ラジオ

真花

第1話

 勢いよくドアを閉めて、電気も点けずにベッドに倒れ込む。

「ママなんて嫌いだ」

 枕に呟いてみても何も返っては来ない。深夜が始まるこの時間までずっと、ママに囚われて今日が終わってしまう。決して殴らない。ただ延々と私を逃さずに、時間をこころの力を消耗させる。理論も筋も何もない言葉が茣蓙を積み重ねるように私の息を締めてゆく。丁寧に希望が削られてゆく。私だって振り返って逃げればいいのにそれが出来なくて、でもそれがママが私に植え付けている、いや長年をかけて植え付けたものが育った結果だと言うことは分かっている。それはザイルに似ている。もしくはへその緒かも知れない。ママは巧みにそれを利用して私を金縛りにして、彼女の気が済むまで鈍い言葉で打ち据え続ける。それはとても無為で、徒労で、人生の確実な損失で、その分だけ後の私が同じだけ苦しむのだ。
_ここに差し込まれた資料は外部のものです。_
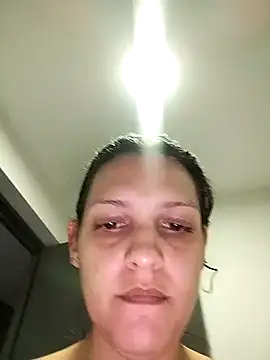 Mia Hampton online show from January 31, 9:59 pm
「役立たずのパパ。きっと愛してくれているのに、勇気のないパパ。でも、何もしないんだったら愛していないのと変わらない」

 余韻と言うには毒の要素が強すぎる胸の内の感覚を少しでも、減らしたい。時計を見ると二時になろうとしている。どうせこのまま寝ようとしても眠れはしない。私はラジオをベッドの中に引き寄せた。
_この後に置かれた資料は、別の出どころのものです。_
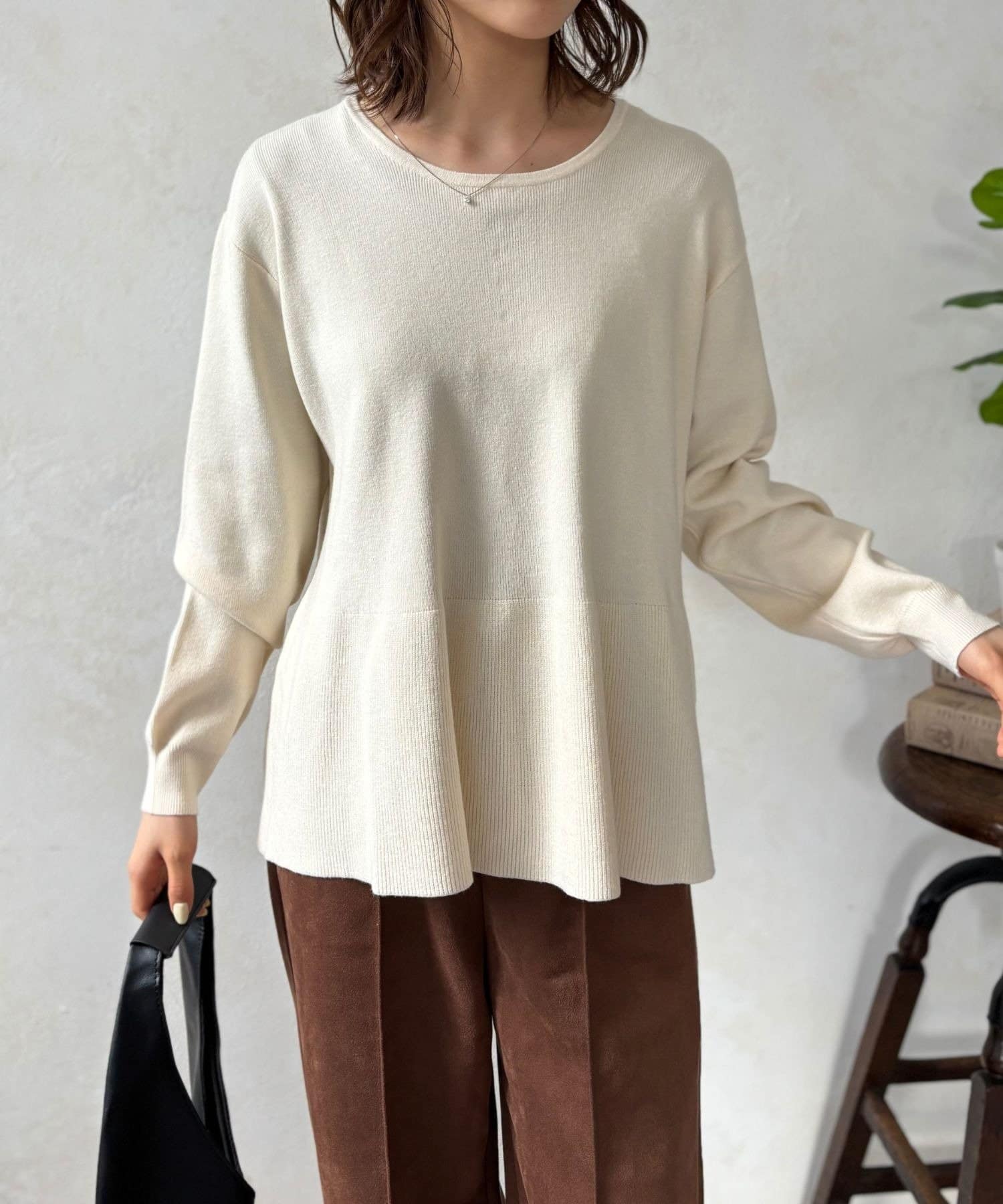 LOCUST(ローカスト) 【伸縮性◎/大人女性に】バックパールペプラムニット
 小さな、秘密の聴取を守れる程の小さな音量でラジオを点ける。

「はい、始まりました。火曜の深夜はミッドナイトエボリューション、パーソナリティの大崎です」

「田町です」

「まず最初のお便りは、東京都文京区のラジオネーム『ななこぶラクダ』さんからです。こぶは一体どう配置されてるんでしょうかね」

「上に三つ、左右に二つずつでしょう」

「そんな形のあんまグッズ昔よく見かけましたよね、友達の家で」

「なのに自分ちにはないって言うね」

「と言うことでナイスな葉書でコリを取ってもらいましょう」

 この人達は私とは関係なく生きている。当たり前だけど、私の全ての世界の外側が確かに在る。ママの最初の方略は、その私の世界を狭小化させることだ。もしさっき、このラジオが流れてたら、立ち向かえたかも知れない。でもそれはあり得ない。ママが自分に不利になるようなメディアを、ママの時空間と関係のない世界を挿入する媒体を、その支配が勃勃と実行されているさなかに垂れ流すと言う失策を犯したことはない。限りなくパッケージされた、それ故に全てがそれだけと錯覚させるような、場所と時間が彼女の息を吹き込む行為のためには土台として必要なのだ。だからパパは背景になる。ならばパパこそがあれを破る力を最も持つ人な筈なのに、私の意識が生まれたときには既に存分に、彼は去勢され切っていた。もしかしたら本物のあそこもママに切り取られてるのかも知れない。物理的にそれをされたから、教育されて、奴隷をしているのか。自ら去勢する宦官ならばそれに見合うだけの権力を求めても、身内にそれをされると逆に従属するのか。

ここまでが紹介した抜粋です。